Because you are exploring the "mind" of the AI, the AI's way of mixing two concepts may not match yours, leading to surprising effects. To illustrate, here are three images generated using various combinations of blend weights. As usual, unless you fix the seed, the prompts will give you different results each time you run them.

"blue sphere, red cube, hybrid"

This example doesn't use melding at all and represents the default way of mixing concepts.

blue-sphere-red-cube-hyprid

It's interesting to see how the AI expressed the concept of "cube" as the four quadrants of the enclosing frame. If you look closely, there is depth there, so the enclosing frame is actually a cube.

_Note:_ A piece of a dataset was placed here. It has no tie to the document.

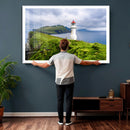 Cliffside Lighthouse Wall Art Canvas Print – Coastal by MyGreatCanvas | Canvas Wall Art Prints | Photo Prints & Wall Decor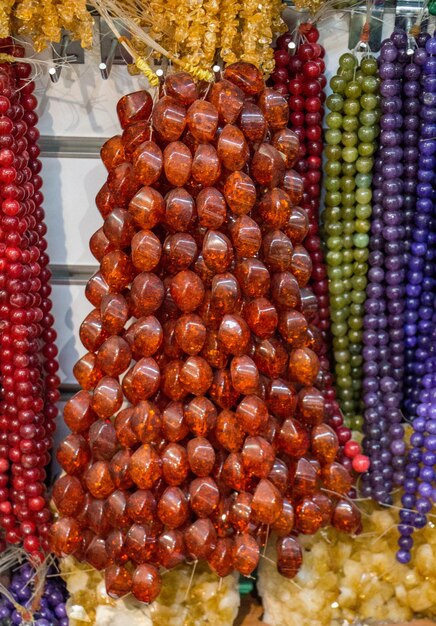 Perlas de várias cores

"blue sphere:0.25 red cube:0.75 hybrid"

blue-sphere-25-red-cube-75

Now that's interesting. We get neither a blue sphere nor a red cube, but a red sphere embedded in a brick wall, which represents a melding of concepts within the AI's "latent space" of semantic representations. Where is Ludwig Wittgenstein when you need him?

"blue sphere:0.75 red cube:0.25 hybrid"

blue-sphere-75-red-cube-25

Definitely more blue-spherey. The cube is gone entirely, but it's really cool abstract art.

"blue sphere:0.5 red cube:0.5 hybrid"

blue-sphere-5-red-cube-5-hybrid

Whoa...! I see blue and red, but no spheres or cubes. Is the word "hybrid" summoning up the concept of some sort of scifi creature? Let's find out.

"blue sphere:0.5 red cube:0.5"

blue-sphere-5-red-cube-5

Indeed, removing the word "hybrid" produces an image that is more like what we'd expect.

In conclusion, prompt blending is great for exploring creative space, but can be difficult to direct. A forthcoming release of InvokeAI will feature more deterministic prompt weighting.